For the actual cast and crew, that scene became a nightmare to film. Freeman described how laborious it turned out to be for the actors:
The scene was shot over a hard, hard day. We were actually tarring that roof. And tar doesn't stay hot and viscous long. It tends to dry and harden, so you’re really working. For the different setups you had to keep doing it over and over and over and over and over.
Darabont added that the scene was especially complicated and required multiple takes in order to match Freeman's narration. "Then I remember we got a nice take," Darabont said. "I turned around, and somebody behind me had tears rolling down their face, and I thought, okay, good, that one worked."
Morgan Freeman Injured His Arm Throwing Too Many Baseballs
Red and Andy first meet out in the prison yard. Red is throwing a baseball with another inmate while he chats with Andy. The scene reportedly took nine hours to film thanks to Darabont's meticulous nature and desire for multiple takes. Freeman kept tossing the baseball for the duration of the scene.
Freeman was a somewhat older gentleman at this point - well into his 50s - and certainly not used to having a catch for hours on end. But Freeman is also a professional actor not likely to complain just because his arm hurt.
The actor's heroics cost him. Freeman showed up to work the next day with his throwing arm in a sling. Or perhaps, Freeman was just making a point to Darabont?

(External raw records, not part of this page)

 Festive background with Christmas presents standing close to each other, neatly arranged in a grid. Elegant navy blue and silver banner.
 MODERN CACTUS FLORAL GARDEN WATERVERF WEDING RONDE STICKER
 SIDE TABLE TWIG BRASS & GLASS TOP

The Original Ending Was More Ambiguous
The Shawshank Redemption features plenty of heavy drama and heartbreak. Thankfully, for movie audiences who like stories to end well, Darabont's script concludes with two separate moments to cheer. Audiences first get to watch in pure delight as Andy outsmarts the prison system and escapes from Shawshank State Penitentiary. The second happy ending is watching Red and Andy reunite as free men on a sunny beach in Mexico.

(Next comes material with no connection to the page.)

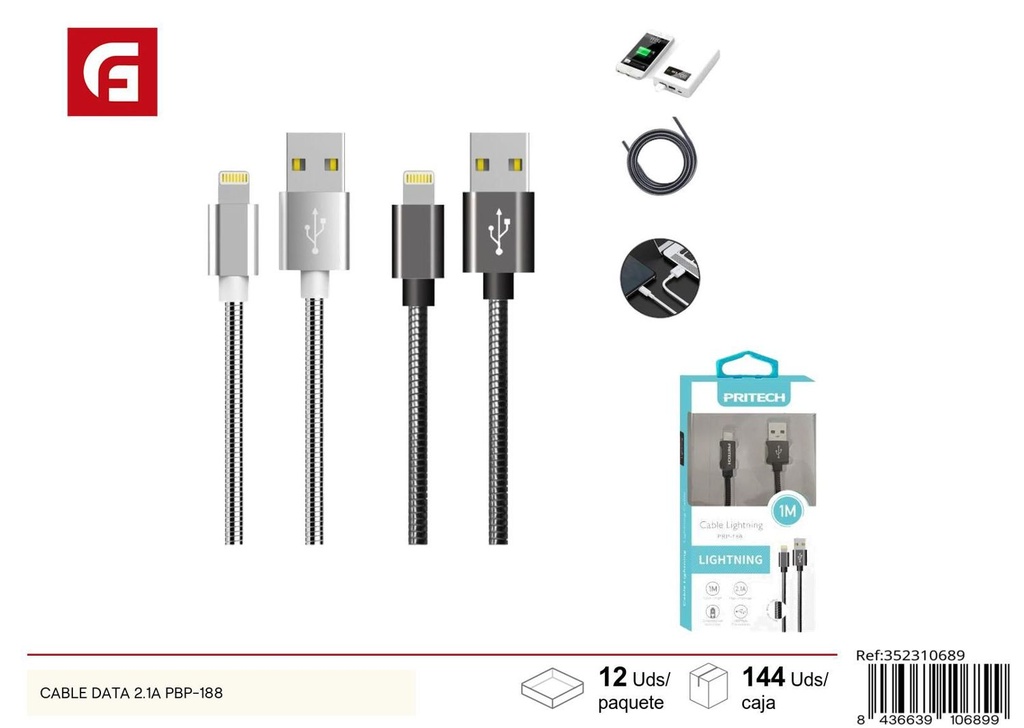 Cable de datos 2.1A PBP-188 cargador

Darabont almost didn't give spectators the satisfaction of seeing the two old friends meet in paradise. He initially wanted to conclude the 1994 drama the same way Stephen King ended his novella. Darabont revealed:
The original script ended with Red on the bus, uncertain but hopeful about the future; that's the way the [King] story ended. But [studio executives told me], "After two-plus hours of hell, you might owe them that reunion."